Oh, -Pollack looks like Cod (large flakes) and taste/texture is very similar....It's a sustainable alternative, so you can be smug on 2 counts!

tony draper
8th Oct 2008, 22:05
One was given to understand that Cockneys fishwise ate only eels cooked in some revolting sort of jelly Mr Steve.
:rolleyes:

G-CPTN
8th Oct 2008, 23:15
I read that pollock is also referred to as coley. It appeared in local chippies some years ago, but wasn't favoured as it tended to have grey flesh IIRC.


Having reread about pollock it seems that it is the Atlantic pollock that has grey flesh, whereas the Alaskan pollock has white flesh.

cockney steve
9th Oct 2008, 15:29
One was given to understand that Cockneys fishwise ate only eels cooked in some revolting sort of jelly Mr Steve.
As eny fule kno, ALL people born south of Watford Gap is a Cockney.

........ My back's broad, I'll live with it!

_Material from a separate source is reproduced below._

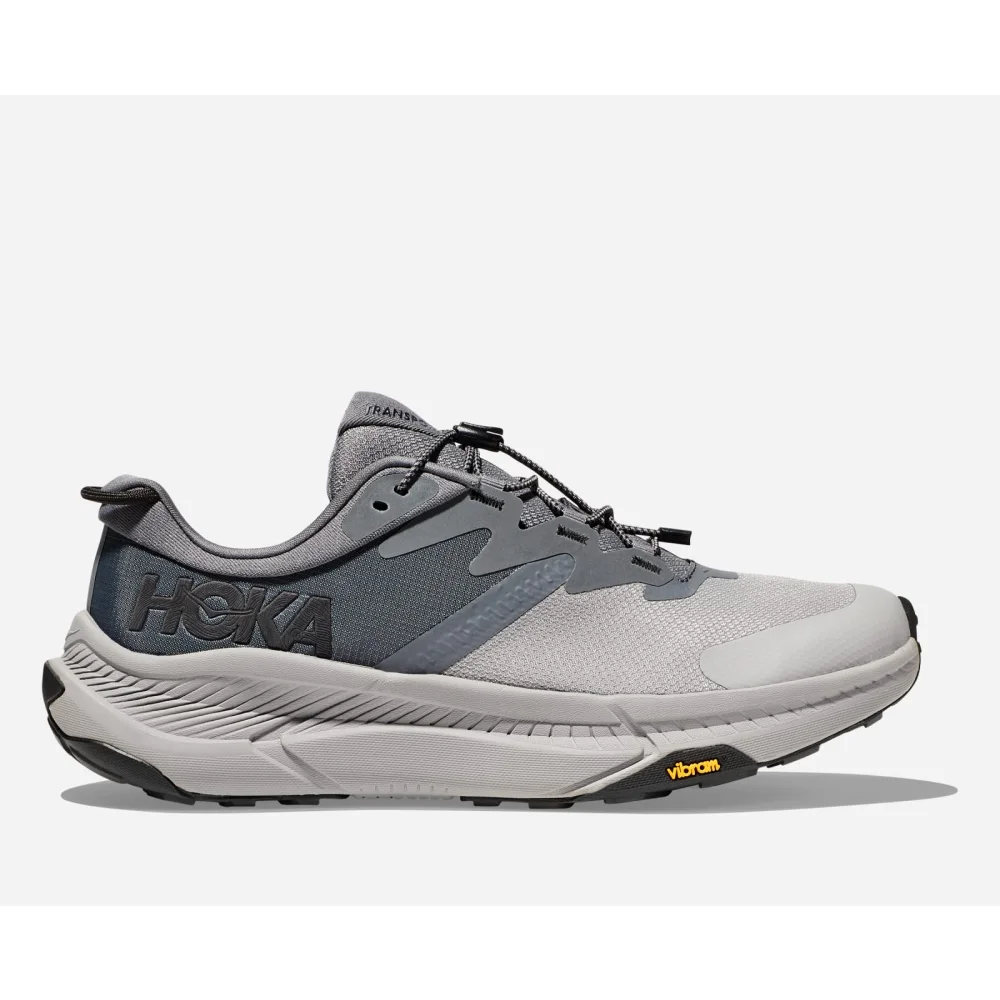 Hoka Transport 1123153-CKBC / grau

my father used to eat that revolting stuff....IIRC, after tipping 'em out of the newspaper into a sink of salted water, you had to chase the buggers round, catch, decapitate and slice whilst they continued to wriggle
then you boiled 'em up and the jelly was the result of the boiling :yuk:
He also had a prediliction for brawn....odd eating habits ,but he really was a Londoner.
Used to get fresh Dabs and Flounders as well, in the Old Town at Leigh. I was taught by one of the retired Cocklers, how to trim and clean them....that was back in the 60's when shrimps were starting to reappear as the Thames waters became less polluted.

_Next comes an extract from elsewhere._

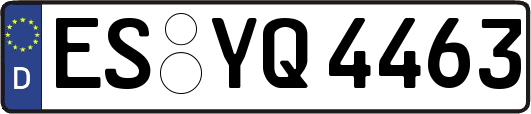 ES-YQ4463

G-cptn...It goes white when you cook it :)

onetrack
9th Oct 2008, 15:39
Errrrrkkk! .. I realised that the financial system woes were devaluing some currencies, but I wasn't aware that the UKŁ was in such dire straits!! .. I suppose it's costing you a coupla quid for a bottle of milk, now, too, is it?? Good God, man .. Zimbabwe must be starting to look like a stable economic zone, it must be time you started thinking about moving there!! .. :E

Storminnorm
9th Oct 2008, 15:40
Dunnow what all the whingin is about concerning
Jellied Eels.
I'm from Oop North, but I LOVE "em!
Can't think of any thing to beat 'em after a couple
of pints! ( Except Black Puddings!). :D

PS onetrack, best of luck in Zimbabwe!!!!!

tony draper
9th Oct 2008, 15:48
When I were a lad they used to sell soused herring around the streets from a horse and cart,the chap used to shout out summat that sounded like CALAHARN ! CALAHARN !,and very nice they was to.
:rolleyes:

Rossian
9th Oct 2008, 15:57
TD - I think you'll find the cry was "caller herrins". No doubt someone will prove me wrong.
The Ancient Mariner

Storminnorm
9th Oct 2008, 16:11
A big store in A"dam used to sell Haring Salade.
A lovely salad with fillets of raw herring. Delicious!!!

tony draper
9th Oct 2008, 16:14
Indeed the call probably started out as "Calling Herring" but over the centuries evolved into "Calaharn",just as the sellers of the Evening Chronicle on the streets of Newcastle,shout out HONIC! HONIC! prolly started out as "Chronical" morphed into "honical" and ended up as "Honic"
The Ice Cream man wth his horse and cart never changed though,because he had a whistle.
Tiz the nature of things,we all knew what they meant anyway.